Jakarta -Percobaan pembunuhan terhadap Donald Trump mengguncang Amerika Serikat (AS) dan dunia. Insiden yang terjadi hanya beberapa hari sebelum ia menerima pencalonan dari Partai Republik ini dianggap sebagai serangan terhadap demokrasi dan hak setiap warga AS untuk memilih pemimpin mereka.
Penembakan terjadi saat Trump menyampaikan pidato di Pennsylvania. Menurut video yang diunggah CNN, tembakan beberapa kali terdengar.
Trump seketika langsung bersembunyi di balik podium. Pendukungnya sontak berteriak dan panik. Trump kemudian mengatakan ia merasakan peluru menembus daun telinganya, yang sempat mengucurkan darah saat ia dilarikan dari tempat kejadian.
Insiden ini dinilai membangkitkan trauma bersejarah yang mendalam. Meskipun Trump saat ini tidak menjabat sebagai presiden, penembakan tersebut menyiratkan ancaman yang terus-menerus membayangi kursi nomor satu AS dan mereka yang mencalonkan diri untuk jabatan tersebut.

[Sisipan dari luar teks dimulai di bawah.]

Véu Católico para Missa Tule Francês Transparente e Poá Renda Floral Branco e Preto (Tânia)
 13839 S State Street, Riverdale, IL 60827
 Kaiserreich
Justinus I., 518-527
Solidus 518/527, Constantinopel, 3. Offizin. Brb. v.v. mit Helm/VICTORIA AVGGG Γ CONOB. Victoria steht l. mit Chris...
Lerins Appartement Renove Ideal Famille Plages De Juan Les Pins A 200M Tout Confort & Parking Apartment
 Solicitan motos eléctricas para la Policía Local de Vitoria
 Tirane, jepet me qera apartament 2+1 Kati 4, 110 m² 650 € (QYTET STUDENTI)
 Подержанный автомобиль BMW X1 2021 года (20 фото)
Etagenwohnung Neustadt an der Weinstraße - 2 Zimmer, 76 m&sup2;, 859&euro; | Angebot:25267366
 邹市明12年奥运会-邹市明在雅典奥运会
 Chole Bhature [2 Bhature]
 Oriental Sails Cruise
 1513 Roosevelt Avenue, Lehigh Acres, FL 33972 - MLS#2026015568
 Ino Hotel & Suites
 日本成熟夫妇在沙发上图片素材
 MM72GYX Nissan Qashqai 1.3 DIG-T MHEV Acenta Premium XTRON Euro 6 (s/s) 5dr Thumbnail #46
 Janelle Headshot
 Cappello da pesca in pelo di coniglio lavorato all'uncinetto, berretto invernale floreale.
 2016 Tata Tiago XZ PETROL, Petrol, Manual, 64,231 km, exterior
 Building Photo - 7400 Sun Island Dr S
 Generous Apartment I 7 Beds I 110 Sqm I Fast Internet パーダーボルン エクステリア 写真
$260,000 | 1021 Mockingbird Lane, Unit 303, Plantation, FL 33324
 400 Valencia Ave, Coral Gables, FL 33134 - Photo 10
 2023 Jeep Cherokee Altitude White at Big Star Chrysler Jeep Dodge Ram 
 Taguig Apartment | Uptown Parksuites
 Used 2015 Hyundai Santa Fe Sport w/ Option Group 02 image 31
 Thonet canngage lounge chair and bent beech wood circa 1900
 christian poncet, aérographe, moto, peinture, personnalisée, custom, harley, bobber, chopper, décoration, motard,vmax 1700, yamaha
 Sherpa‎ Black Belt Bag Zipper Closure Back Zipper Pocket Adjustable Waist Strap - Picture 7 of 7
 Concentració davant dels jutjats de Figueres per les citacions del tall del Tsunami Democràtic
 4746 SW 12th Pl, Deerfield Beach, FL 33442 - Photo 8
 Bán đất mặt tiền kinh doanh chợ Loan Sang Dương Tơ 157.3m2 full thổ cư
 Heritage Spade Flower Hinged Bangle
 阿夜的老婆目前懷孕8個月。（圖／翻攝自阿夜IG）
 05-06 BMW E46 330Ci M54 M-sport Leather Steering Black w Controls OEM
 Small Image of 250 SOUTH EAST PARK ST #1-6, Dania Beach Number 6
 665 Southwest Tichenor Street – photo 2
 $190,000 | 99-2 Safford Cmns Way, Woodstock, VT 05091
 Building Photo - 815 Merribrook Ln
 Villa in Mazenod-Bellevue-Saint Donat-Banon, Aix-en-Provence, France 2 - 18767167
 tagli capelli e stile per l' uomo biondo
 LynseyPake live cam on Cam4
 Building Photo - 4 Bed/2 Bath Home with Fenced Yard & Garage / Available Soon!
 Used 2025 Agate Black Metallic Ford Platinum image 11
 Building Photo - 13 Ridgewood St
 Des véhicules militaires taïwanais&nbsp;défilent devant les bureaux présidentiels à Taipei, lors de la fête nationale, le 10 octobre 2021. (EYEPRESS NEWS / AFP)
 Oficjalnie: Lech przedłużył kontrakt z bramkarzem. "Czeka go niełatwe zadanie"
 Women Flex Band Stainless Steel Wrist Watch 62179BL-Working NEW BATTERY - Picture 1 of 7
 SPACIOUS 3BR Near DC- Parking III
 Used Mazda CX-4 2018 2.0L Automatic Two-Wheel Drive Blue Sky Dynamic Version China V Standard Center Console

Sebagaimana diketahui, empat presiden AS telah terbunuh saat menjabat, yang terakhir adalah John F Kennedy pada 1963.
Dengan kondisi politik AS yang terpolarisasi secara tajam, upaya pembunuhan terhadap Trump ini tentu akan menyebabkan konsekuensi politik yang serius.
Trump sendiri telah dipandang sebagai pahlawan oleh para pendukungnya dan diperlakukan dengan hormat di setiap rapat umum. Citranya sebagai pejuang yang terus-menerus diserang oleh musuh-musuhnya kini akan tertanam lebih dalam lagi.
Penembakan ini juga menciptakan implikasi tak terduga untuk kampanye pemilu, di mana Trump lebih unggul dibanding Joe Biden. Suasana di sekitar Konvensi Nasional Partai Republik di Milwaukee pekan ini pun akan semakin intens.
Menyusul insiden ini, anggota Kongres dari Partai Republik yakin Trump akan kembali menjabat sebagai presiden. Beberapa dari mereka berpikir bahwa penembakan itu telah mempermudah jalannya.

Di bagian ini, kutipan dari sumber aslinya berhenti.